SHAP — SHapley Additive Explanations
LIME — Local Interpretable Model Explanations
Tree Interpreter — tree-based model decomposition

[ ]:

import skexplain
import plotting_config
import shap

[ ]:

# Loading the training data and pre-fit models
estimators = skexplain.load_models()
X, y = skexplain.load_data()

[ ]:

# Pick a single example for local attribution
single_example = X.iloc[[0]]

explainer = skexplain.ExplainToolkit(estimators[0], X=single_example)
explainer.set_plotting_config(
    display_feature_names=plotting_config.display_feature_names,
    display_units=plotting_config.display_units,
)

Computing Local Attributions

[ ]:

# SHAP masker handles missing features using correlations in the dataset
shap_kws = {
    'masker': shap.maskers.Partition(X, max_samples=100, clustering='correlation'),
    'algorithm': 'permutation',
}

# LIME requires the training data
lime_kws = {
    'training_data': X.values,
    'categorical_names': ['rural', 'urban'],
}

# Compute all three attribution methods at once
contrib_ds = explainer.local_attributions(
    method=['shap', 'lime', 'tree_interpreter'],
    shap_kws=shap_kws,
    lime_kws=lime_kws,
)

[ ]:

# The result is an xarray.Dataset with attribution values for each method
contrib_ds

Plotting Attributions (Waterfall Plot)

[ ]:

fig, axes = explainer.plot_contributions(contrib=contrib_ds)

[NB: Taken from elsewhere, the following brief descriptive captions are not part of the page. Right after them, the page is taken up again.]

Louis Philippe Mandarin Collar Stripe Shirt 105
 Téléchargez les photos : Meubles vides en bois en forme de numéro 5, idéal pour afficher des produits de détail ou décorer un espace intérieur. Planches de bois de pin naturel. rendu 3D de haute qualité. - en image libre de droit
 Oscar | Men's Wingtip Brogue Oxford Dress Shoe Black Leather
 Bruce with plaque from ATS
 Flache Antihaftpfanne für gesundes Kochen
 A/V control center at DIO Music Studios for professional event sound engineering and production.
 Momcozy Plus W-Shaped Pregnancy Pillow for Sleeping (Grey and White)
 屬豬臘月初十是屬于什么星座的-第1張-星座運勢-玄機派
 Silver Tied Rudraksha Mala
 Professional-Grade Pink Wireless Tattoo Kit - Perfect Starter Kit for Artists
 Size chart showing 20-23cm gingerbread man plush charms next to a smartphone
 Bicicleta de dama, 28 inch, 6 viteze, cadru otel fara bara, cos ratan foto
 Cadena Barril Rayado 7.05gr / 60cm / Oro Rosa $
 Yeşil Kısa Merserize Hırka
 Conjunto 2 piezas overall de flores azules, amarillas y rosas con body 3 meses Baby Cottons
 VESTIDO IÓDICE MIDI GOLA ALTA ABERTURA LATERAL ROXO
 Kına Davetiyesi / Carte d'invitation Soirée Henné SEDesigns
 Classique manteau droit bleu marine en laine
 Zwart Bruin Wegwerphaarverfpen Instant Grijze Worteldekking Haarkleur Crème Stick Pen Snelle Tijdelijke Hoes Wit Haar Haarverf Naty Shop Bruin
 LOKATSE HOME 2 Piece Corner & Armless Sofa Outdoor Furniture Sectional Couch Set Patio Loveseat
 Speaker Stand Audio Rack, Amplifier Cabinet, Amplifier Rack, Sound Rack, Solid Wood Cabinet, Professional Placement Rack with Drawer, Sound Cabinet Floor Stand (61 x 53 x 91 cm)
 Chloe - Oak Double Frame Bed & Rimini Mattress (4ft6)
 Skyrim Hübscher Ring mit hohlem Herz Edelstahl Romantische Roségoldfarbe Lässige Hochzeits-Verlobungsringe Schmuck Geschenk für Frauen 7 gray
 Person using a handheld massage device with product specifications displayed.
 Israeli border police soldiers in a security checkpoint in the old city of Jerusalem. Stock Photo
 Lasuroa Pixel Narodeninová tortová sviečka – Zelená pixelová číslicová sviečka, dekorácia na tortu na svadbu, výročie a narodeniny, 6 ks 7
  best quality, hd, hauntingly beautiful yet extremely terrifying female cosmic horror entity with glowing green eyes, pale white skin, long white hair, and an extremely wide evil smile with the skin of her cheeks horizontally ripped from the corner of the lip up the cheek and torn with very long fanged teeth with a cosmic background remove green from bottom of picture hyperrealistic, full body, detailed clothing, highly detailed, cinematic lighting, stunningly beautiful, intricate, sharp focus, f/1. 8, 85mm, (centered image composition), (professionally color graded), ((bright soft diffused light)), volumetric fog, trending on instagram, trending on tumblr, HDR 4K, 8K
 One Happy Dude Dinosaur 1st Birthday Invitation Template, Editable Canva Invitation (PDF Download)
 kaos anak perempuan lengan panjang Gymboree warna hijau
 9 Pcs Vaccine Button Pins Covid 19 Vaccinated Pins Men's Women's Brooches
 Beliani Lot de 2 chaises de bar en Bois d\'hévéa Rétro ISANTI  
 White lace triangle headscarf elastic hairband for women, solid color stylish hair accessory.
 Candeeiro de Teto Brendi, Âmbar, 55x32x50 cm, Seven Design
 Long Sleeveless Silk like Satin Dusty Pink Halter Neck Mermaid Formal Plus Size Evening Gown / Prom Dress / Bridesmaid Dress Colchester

Performance-Based Attributions

Average attributions across the best and worst-performing examples.

[ ]:

# Create a new ExplainToolkit with the full dataset
explainer = skexplain.ExplainToolkit(estimators[0], X=X, y=y)
explainer.set_plotting_config(
    display_feature_names=plotting_config.display_feature_names,
    display_units=plotting_config.display_units,
)

# Compute performance-based attributions using tree interpreter
tree_results = explainer.average_attributions(
    method='tree_interpreter',
    performance_based=True,
    n_samples=100,
)

[ ]:

# Plot the top 5 features for selected performance categories
perf_keys = ['Best Hits', 'Worst False Alarms', 'Worst Misses']

fig, axes = explainer.plot_contributions(
    contrib=tree_results,
    perf_keys=perf_keys,
    num_features=5,
)

Regression Example

[ ]:

from sklearn.datasets import fetch_california_housing
from sklearn.ensemble import RandomForestRegressor

data = fetch_california_housing()
X_reg = data['data']
y_reg = data['target']
feature_names = data['feature_names']

model = RandomForestRegressor()
model.fit(X_reg, y_reg)

[ ]:

single_example = X_reg[[0]]

explainer = skexplain.ExplainToolkit(
    ('Random Forest', model),
    X=single_example,
    feature_names=feature_names,
)

shap_kws = {
    'masker': shap.maskers.Partition(X_reg, max_samples=100, clustering='correlation'),
    'algorithm': 'auto',
}

results = explainer.local_attributions(method='shap', shap_kws=shap_kws)
fig = explainer.plot_contributions(results, figsize=(4, 8))